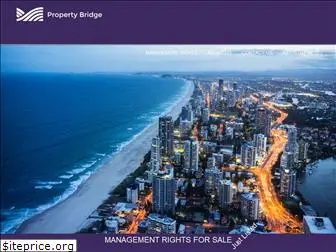 propertybridge.com.au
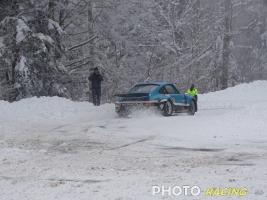 Photo RMCH19_04_0043.jpg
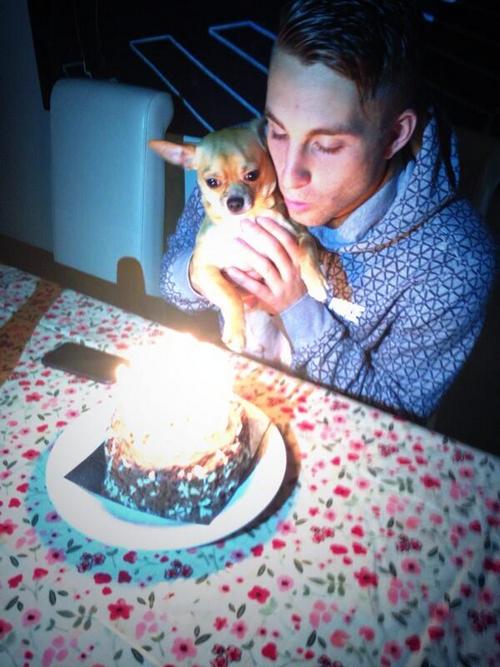 ����� ��������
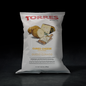 PAPAS DE QUESO CURADO TORRES 150GR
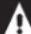 GE Artistry ABE20EGEWS - BRANCHEMENTS ÉLECTRIQUES - 1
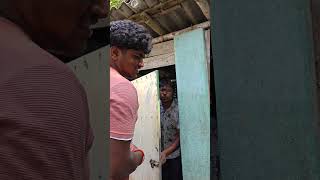 Funny video 💫🤣#comedy ￼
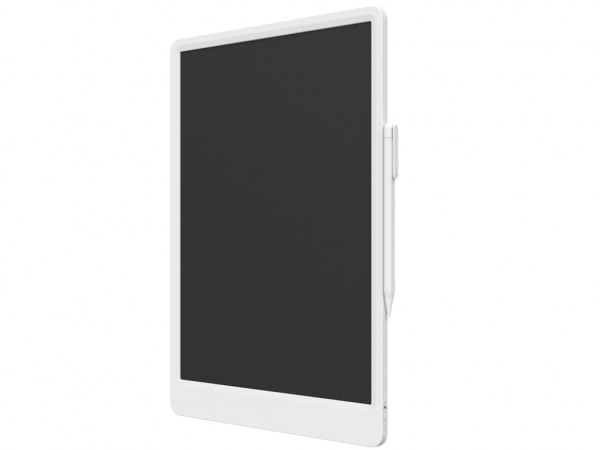 Tablet za pisanje XIAOMI Mi LCD writing tablet13.5''bela
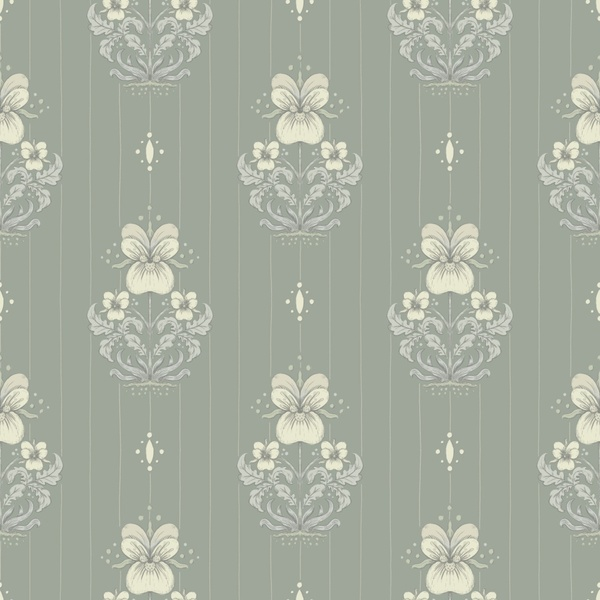 Storeys Saltviken 48007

TASK TO CARRY OUT |
Leave the pictures out and copy exactly the lines from the one that holds "GE Artistry ABE20EGEWS" through the last line of the material.

OUTPUT OF THE TASK |
 GE Artistry ABE20EGEWS - BRANCHEMENTS ÉLECTRIQUES - 1
 Funny video 💫🤣#comedy 
 Tablet za pisanje XIAOMI Mi LCD writing tablet13.5''bela
 Storeys Saltviken 48007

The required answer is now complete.